II. Un discours d'homme d'esprit

- un discours abstrait, qui joue sur l'implicite : le discours est général, avec l'emploi du « on », et les tournures évoquant des habitudes « on se plait, on se prend ». On a même un vocabulaire de moraliste : « il a plu à la vanité des hommes d'en faire une vertu ». Clitandre montre qu'il manipule le vocabulaire des philosophes pour le détourner de manière parodique.

- le dialogue est d'ailleurs un genre philosophique : à l'origine, Socrate utilisait le dialogue pour faire accoucher les esprits. On est ici dans une sorte de parodie de dialogue philosophique, dans la mesure où le dialogue cherche à aboutir à une relation érotique.
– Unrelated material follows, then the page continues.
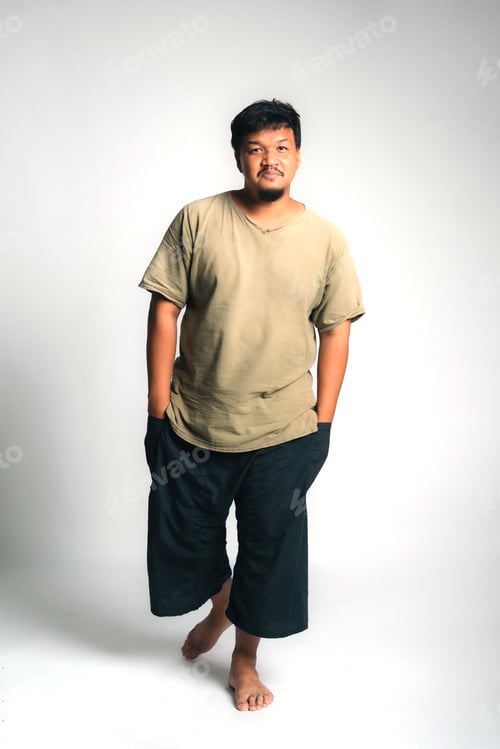 Preview: Portrait of an Asian Thai man with casual clothes standing barefoot on white background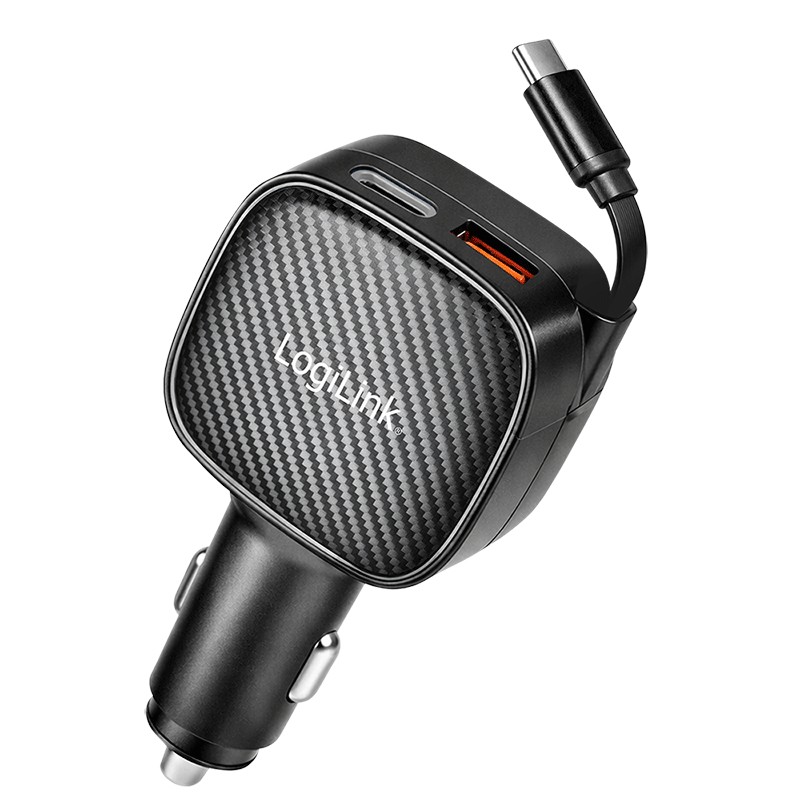 PA0295  Cargador de coche USB, 3 puertos con cable USB-C retr&aacute;ctil, 60W, PD, negro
- le raisonnement de Clitandre vise à faire naitre le désir : la progression de son discours va de la critique de la sagesse morale vers l'éloge du plaisir sensuel. De même, on va d'un discours généralisant, donc moraliste, vers des exemples, plus immoraux à mesure qu'ils sont plus précis : « un Amant » devient « un Amant ennuyeux », puis « un caprice »...

 

III. Un discours érotique (un esprit séduisant)

- la verve de l'orateur vise à éblouir la belle Cidalise : le beau parleur construit des phrases complexes, qui nécessitent toute l'attention de l'interlocutrice.

- l'orateur vise l'effet de brio, à travers des nuances et des distinguos, ou encore des parallélismes qui mettent en avant son esprit d'analyse.

- Surtout, les effets de symétrie préfigurent le rapprochement des corps : on a une phrase qui développe une esthétique de la complémentarité, de la binarité… les mots font l'amour avant les corps.